The wind turbines will be of proven technology and design, which
typically incorporates tapered tubular towers attached to a nacelle housing
containing the generator, gearbox and other operating equipment. The turbine transformer will be located
either at the tower base (above the high tide level) or at the top of the
tower, depending on the type of wind turbine procured. The transformer will either be
oil-filled (surrounded by a bund conforming to the required standards) or
cast-resin. These design elements
are set by the manufacturer and therefore alternative design are not available
and have not been assessed.
Outline properties of present-day turbines that are
likely to be used for the development are shown below in Table 4.2.
Table 4.2 Typical
Properties of Commercially Available Wind Turbines
|
Supplier |
Model |
Capacity (MW) |
Rotor Diameter (m) |
Hub Height (m) |
|
Vestas |
V90-3.0MW |
3 |
90 |
Variable |
|
Siemens |
SWT-2.3-82 |
2.3 |
82 |
Variable |
|
|
SWT-3.6-107 |
3.6 |
107 |
Variable |
|
GE Energy |
3.6sl |
3.6 |
111 |
Variable |
|
Nordex AG |
N90 |
2.5 |
80 or 90 |
Variable |
A decision has yet to be made on which turbine will
be sourced for the wind farm. The
capacity of the turbines could therefore range from 2.3 to 3.6 MW. It is therefore proposed that the
preliminary site layout considers the development of around 30 - 35 nos. of
wind turbines so that a capacity of approximately 100MW can be met. Should 3.6 MW class wind turbine be
selected, the number of wind turbines would be reduced to around 28 to 30.
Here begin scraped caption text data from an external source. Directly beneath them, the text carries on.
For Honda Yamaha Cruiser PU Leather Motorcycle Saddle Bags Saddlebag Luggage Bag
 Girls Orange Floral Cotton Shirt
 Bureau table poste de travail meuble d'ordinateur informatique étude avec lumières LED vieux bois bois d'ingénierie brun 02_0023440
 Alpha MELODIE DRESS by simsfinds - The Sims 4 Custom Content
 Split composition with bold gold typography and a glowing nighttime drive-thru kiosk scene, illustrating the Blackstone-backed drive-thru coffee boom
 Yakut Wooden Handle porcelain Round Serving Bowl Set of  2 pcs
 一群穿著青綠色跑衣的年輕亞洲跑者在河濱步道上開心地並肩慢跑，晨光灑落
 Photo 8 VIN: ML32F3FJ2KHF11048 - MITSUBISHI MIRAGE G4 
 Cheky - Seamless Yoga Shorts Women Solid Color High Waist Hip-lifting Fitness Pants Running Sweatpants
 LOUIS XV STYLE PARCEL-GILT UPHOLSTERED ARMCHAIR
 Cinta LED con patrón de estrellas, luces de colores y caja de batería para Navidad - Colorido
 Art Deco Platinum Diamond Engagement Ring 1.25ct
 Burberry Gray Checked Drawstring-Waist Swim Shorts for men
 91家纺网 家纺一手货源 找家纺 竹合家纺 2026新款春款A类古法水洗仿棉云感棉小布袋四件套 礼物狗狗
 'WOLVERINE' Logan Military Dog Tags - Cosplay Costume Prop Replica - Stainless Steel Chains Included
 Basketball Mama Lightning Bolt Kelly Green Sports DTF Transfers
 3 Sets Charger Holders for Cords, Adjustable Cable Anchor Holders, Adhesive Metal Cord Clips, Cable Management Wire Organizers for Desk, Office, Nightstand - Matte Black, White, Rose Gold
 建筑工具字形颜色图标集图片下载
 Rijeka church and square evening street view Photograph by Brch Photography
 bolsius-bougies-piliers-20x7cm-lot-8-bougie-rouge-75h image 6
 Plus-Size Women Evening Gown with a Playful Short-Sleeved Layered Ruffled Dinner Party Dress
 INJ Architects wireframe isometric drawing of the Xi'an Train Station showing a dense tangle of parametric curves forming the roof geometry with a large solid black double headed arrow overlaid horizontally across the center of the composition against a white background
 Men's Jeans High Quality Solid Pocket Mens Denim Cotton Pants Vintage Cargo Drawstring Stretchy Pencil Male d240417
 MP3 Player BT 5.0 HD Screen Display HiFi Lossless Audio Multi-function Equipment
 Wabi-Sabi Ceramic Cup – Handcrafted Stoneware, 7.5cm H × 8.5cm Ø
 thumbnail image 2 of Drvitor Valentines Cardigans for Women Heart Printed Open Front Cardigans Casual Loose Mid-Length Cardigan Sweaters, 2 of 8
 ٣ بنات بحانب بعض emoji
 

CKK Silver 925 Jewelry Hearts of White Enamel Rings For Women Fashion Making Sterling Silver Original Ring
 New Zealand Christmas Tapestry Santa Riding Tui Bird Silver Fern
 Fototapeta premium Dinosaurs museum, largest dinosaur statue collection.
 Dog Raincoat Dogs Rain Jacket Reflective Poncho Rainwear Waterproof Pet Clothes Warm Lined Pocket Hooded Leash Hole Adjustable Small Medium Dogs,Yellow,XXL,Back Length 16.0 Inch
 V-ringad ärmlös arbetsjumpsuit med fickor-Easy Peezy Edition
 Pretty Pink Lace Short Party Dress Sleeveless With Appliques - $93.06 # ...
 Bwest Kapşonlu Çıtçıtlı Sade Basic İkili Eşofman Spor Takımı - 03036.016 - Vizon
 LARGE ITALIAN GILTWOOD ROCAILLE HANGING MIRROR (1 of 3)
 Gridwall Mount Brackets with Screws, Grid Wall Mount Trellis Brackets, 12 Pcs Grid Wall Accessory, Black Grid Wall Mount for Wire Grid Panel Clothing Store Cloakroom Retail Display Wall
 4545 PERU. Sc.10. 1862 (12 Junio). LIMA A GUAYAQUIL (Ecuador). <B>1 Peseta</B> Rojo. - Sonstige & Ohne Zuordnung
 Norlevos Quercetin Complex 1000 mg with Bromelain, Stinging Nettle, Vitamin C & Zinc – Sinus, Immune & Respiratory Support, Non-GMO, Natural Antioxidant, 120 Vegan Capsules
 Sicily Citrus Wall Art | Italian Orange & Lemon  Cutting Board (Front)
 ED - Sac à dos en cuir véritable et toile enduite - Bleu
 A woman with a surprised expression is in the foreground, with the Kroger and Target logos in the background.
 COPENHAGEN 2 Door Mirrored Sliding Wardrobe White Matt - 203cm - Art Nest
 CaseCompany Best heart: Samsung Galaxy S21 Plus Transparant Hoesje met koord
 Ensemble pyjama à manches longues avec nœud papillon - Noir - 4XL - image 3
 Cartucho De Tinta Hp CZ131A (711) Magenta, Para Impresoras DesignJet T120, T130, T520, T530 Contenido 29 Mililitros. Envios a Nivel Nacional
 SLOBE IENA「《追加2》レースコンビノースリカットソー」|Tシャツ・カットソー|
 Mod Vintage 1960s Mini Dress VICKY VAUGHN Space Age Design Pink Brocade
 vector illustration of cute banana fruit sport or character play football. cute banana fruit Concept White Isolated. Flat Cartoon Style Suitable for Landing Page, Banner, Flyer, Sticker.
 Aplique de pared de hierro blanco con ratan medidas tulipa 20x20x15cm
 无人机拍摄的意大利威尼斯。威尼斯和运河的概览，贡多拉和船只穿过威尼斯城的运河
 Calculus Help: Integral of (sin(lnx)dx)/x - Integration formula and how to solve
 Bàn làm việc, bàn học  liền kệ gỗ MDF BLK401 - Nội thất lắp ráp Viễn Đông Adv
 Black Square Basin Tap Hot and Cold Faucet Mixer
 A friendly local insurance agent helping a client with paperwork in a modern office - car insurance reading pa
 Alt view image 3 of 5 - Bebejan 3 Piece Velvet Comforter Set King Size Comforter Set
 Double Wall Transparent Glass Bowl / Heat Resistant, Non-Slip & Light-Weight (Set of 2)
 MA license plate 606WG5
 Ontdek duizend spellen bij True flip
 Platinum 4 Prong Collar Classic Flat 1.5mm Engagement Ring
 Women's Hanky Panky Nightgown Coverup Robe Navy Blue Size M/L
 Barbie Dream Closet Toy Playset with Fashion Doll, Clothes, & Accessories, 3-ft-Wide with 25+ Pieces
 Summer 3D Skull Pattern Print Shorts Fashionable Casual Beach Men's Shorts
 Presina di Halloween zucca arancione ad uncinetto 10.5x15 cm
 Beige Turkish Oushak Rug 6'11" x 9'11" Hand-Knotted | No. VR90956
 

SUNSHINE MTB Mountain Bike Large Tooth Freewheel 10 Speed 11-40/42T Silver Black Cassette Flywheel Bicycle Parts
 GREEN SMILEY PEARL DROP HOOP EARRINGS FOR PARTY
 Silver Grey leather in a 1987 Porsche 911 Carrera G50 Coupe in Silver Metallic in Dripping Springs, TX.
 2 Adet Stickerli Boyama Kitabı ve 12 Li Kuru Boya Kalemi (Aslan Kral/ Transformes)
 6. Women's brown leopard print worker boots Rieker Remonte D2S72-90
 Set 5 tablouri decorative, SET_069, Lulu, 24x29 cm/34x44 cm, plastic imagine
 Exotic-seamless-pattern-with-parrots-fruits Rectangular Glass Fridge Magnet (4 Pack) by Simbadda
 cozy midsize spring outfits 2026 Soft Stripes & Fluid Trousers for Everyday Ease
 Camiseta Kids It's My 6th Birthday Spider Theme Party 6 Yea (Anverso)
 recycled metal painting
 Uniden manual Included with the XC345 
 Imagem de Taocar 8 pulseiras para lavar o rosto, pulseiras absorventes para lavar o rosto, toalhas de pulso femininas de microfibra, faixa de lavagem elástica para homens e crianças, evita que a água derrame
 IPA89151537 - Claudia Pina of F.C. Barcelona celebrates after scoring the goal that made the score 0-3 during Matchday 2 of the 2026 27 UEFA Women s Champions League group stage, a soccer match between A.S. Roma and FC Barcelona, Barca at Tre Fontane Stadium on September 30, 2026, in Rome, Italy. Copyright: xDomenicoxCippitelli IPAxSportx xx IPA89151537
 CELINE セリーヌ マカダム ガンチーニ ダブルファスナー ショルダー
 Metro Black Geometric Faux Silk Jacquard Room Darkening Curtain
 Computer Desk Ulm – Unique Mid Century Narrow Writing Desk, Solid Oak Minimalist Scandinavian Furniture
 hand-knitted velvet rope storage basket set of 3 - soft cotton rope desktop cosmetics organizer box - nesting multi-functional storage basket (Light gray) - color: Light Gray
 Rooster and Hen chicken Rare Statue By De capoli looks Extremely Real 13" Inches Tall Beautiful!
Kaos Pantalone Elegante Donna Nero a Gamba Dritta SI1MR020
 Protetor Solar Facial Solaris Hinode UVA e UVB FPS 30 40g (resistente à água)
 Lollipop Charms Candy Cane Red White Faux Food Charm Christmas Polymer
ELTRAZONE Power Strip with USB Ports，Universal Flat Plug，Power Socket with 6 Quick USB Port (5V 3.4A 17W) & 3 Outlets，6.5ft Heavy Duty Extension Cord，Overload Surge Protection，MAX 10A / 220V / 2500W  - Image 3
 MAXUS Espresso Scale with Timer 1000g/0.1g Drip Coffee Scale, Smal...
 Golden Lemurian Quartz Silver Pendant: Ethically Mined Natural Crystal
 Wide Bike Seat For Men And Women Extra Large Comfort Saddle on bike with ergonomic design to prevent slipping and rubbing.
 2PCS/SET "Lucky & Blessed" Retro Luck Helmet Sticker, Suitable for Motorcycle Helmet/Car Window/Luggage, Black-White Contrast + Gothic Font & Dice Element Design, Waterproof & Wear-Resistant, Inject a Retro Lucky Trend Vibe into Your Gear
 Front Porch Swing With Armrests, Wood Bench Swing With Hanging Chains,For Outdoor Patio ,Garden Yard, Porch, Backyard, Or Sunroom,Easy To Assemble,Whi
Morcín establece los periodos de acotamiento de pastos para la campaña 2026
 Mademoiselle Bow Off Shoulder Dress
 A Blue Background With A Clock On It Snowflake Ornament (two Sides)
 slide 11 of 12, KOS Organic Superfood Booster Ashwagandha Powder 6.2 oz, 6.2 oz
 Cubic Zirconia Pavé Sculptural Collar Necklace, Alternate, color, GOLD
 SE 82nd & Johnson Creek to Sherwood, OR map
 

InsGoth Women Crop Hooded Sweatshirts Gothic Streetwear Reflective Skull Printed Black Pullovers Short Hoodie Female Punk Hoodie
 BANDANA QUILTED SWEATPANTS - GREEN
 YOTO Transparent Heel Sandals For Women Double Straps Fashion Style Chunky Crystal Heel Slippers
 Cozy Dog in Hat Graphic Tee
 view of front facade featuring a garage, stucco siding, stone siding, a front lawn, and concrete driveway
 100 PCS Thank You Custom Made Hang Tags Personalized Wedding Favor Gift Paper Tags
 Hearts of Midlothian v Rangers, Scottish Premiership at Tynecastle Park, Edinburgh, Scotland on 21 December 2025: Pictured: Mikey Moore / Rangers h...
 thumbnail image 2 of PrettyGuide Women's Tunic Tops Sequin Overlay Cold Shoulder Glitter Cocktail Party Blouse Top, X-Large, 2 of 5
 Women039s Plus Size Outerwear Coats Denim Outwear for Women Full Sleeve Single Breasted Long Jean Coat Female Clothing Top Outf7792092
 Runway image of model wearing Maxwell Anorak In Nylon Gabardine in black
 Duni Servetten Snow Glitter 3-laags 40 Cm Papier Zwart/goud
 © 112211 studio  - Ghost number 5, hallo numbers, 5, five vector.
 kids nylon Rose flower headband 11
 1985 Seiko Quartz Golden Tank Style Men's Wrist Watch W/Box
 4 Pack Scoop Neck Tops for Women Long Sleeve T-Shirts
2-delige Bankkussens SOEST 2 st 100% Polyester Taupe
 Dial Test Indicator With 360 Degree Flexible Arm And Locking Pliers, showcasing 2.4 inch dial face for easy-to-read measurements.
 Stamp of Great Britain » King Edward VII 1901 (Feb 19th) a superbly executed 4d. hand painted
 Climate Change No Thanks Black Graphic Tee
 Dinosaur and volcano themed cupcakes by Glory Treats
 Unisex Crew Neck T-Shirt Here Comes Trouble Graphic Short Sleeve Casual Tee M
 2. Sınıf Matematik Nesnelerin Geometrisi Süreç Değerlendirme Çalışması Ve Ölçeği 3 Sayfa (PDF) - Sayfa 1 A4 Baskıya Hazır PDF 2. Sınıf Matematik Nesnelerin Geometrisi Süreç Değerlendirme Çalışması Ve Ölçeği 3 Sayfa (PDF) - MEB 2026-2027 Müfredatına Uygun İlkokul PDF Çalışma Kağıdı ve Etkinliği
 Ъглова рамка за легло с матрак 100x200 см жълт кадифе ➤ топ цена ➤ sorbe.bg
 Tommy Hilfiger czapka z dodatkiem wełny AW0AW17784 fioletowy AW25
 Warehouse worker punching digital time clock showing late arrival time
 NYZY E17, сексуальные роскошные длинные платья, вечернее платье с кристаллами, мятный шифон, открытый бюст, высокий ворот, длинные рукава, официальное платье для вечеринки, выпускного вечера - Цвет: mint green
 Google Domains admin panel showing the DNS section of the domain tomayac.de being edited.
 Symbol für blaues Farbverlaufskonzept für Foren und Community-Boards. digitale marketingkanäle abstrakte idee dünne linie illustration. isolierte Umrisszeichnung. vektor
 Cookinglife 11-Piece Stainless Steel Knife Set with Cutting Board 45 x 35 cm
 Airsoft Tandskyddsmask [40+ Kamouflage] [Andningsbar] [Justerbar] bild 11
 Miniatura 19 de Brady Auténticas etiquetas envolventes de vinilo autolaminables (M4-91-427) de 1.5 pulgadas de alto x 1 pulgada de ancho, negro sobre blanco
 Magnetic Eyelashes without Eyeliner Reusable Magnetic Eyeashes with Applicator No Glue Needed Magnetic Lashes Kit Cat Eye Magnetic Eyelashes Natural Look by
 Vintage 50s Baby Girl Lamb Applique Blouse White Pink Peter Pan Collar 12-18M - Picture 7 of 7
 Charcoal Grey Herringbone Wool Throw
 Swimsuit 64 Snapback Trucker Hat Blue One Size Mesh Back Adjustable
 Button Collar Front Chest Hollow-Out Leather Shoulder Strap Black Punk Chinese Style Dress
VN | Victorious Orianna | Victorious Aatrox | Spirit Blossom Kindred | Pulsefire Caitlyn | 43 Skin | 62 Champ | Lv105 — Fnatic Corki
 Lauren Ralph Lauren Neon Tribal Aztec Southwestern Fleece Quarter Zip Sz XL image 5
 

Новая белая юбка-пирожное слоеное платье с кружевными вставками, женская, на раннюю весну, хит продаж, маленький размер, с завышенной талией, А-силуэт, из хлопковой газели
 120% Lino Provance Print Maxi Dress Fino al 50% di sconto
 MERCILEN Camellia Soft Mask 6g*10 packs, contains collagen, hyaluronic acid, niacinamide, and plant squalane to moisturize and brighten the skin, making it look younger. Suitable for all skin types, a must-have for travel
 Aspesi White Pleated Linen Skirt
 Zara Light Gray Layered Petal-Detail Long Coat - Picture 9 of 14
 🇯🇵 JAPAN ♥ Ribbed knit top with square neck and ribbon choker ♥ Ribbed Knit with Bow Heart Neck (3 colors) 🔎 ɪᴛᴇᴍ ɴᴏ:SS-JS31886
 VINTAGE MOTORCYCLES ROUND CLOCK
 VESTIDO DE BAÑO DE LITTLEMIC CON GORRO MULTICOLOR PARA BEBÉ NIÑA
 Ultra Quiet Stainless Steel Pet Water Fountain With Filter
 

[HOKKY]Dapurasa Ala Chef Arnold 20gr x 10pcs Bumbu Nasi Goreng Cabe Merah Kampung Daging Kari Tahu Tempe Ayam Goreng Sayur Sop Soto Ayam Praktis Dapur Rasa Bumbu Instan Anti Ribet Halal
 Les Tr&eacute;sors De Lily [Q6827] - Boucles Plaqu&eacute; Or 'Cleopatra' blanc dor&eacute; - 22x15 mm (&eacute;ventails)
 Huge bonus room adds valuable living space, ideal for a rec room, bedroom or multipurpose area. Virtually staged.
Preliminary dimensions are not expected to exceed a
tip height of +125mPD (see Section 3). In the event the wind turbine model with
a maximum rotor diameter of 111m be adopted, the maximum tip height would be
+136mPD. It was considered
appropriate that the maximum rotor diameter of 111 m be taken forward for the
impact assessment as this presents potentially a worse case scenario for
impacts on the visual environment and ecology.
4.3.2
Foundation
Design
The wind turbines and wind monitoring mast will be
supported on foundations fixed to the seabed. The final configuration of the support
structures for the project will be subject to the following considerations:
·
selection
of wind turbine;
·
ground
conditions including geology and seabed stability;
·
metocean conditions (wave, current, tide);
·
life-cycle
cost; and
·
access
and maintenance requirements.
Each foundation type will have an access platform
incorporated into the design. The
platform has one or more ladders (with integral personnel safety protection),
enabling access to the foundation at any state of the tide. The structures will have provisions for
personnel safety, e.g. life-rings.
The following foundation designs have been considered
for the wind turbines which have been derived following preliminary engineering
design, using site geological information and representative wind turbine
loadings provided by turbine manufacturers and from wind and wave
loading estimated specifically for the site. The
design options considered feasible for this wind farm are discussed below.
Monopile
These structures rely on the frictional
properties of the hollow steel pile fixed into the seabed either by driving
(using a hydraulic hammer), drilling or drilling and driving.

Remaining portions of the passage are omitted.